5. The method of claim 4 wherein the hydrolyzed solids are hydrolyzed sugars selected from monomeric sugars, oligomeric sugars, xylo-oligomeric sugars and combinations thereof

6. The method of claim 1 wherein the easily digestible portion comprises hemicellulose, and the non-easily digestible portion comprises lignin and/or cellulose.

7. The method of claim 6 wherein the lignocellulosic biomass is selected from corn stover (CS), switchgrass, rice straw and combinations thereof.

8. The method of claim 1 wherein the pretreatment is an ammonia pretreatment process.

9. The method of claim 8 wherein the ammonia pretreatment process is ammonia fiber expansion process.

10. The method of claim 1 wherein enzyme loading is reduced by at least 1% up to 39%, including any range there between.

11. The method of claim 1 wherein fermentation is completed in less than 24 hours.

12. The method of claim 11 wherein a yeast inoculation level is at least 10 times up to about 40 times higher as compared to a conventional non-integrated hydrolysis process with no recycle steps.

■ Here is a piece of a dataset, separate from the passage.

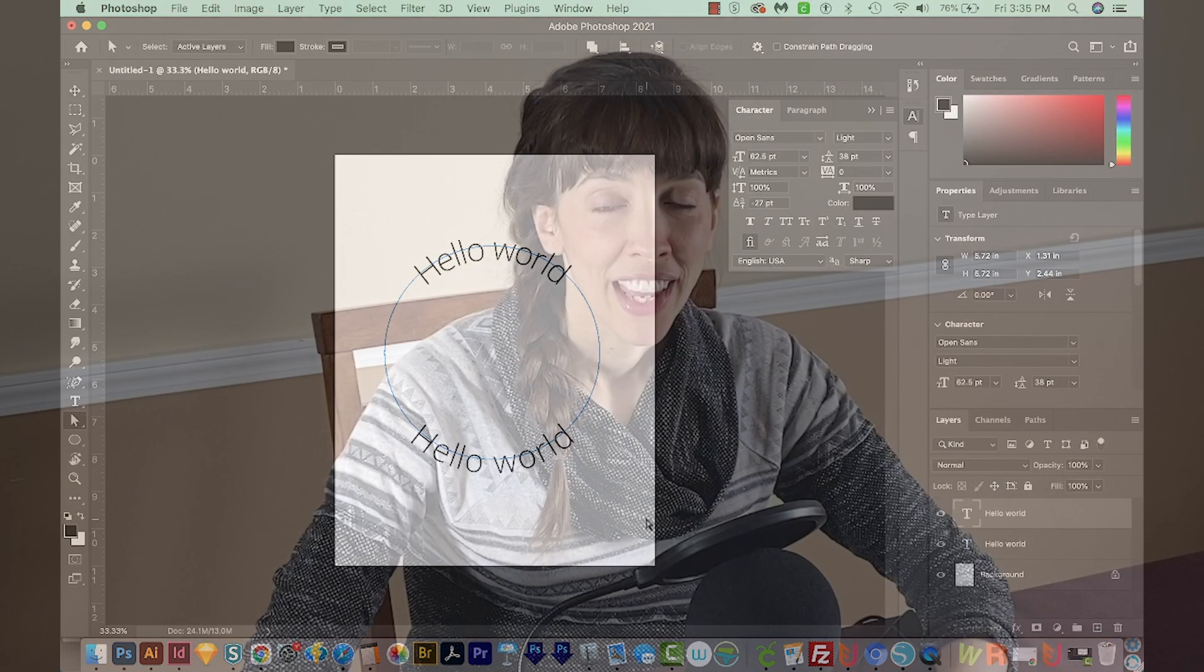All right, if you liked this video, please click on the Like button, and I'll see you in a couple days with another graphic design tutorial. Thank you!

13. The method of claim 12 wherein the yeast inoculation level (OD₆₀₀) is greater than 2.

14. A system comprising:

a first vessel for performing a first hydrolyzing cycle on lignocellulosic biomass containing an easily digestible portion and a non-easily digestible portion to produce a slurry containing digested solids and unhydrolyzed solids, respectively; and

a second vessel for producing solids residue and a liquid coproduct from the slurry; and

a bioproduct production facility connected to the integrated hydrolysis system and configured to perform either separate hydrolysis and fermentation (SHF) or simultaneous saccharification and co-fermentation (SSCF).

15. The system of claim 14 comprising an integrated hydrolysis system which further comprises a recycling system configured to perform recycling of the solids residue through a second hydrolyzing cycle, wherein an amount of the undigested solids in the solids residue can be converted to digested solids.

16. The system of claim 14 wherein the bioproduct production facility is a biofuel or biochemical production facility.

17. The system of claim 16 wherein the biofuel production facility is an alcohol production facility.

18. The system of claim 17 wherein the alcohol production facility is a butanol or ethanol production facility.

19. The system of claim 14 wherein an additional hydrolyzing cycle is performed in the first vessel to produce increasing amounts of digested solids.

20. An apparatus comprising:

integrated hydrolysis equipment configured to perform a first hydrolyzing cycle on lignocellulosic biomass containing an easily digestible portion and a non-easily digestible portion to produce a slurry containing digested solids and unhydrolyzed solids, respectively, wherein the equipment is further configured to perform a production step, in which solids residue and a liquid coproduct are produced from the slurry, and a recycling step, in which the solids are recycled through a second hydrolyzing cycle, wherein an amount of the undigested solids in the solids residue is converted to digested solids.

21. The apparatus of claim 20 wherein the integrated hydrolysis equipment includes one or more vessels, at least one fermenter and at least one saccharification tank.

22. The apparatus of claim 20 wherein the integrated hydrolysis equipment includes an equal number of fermenters and saccharification tanks.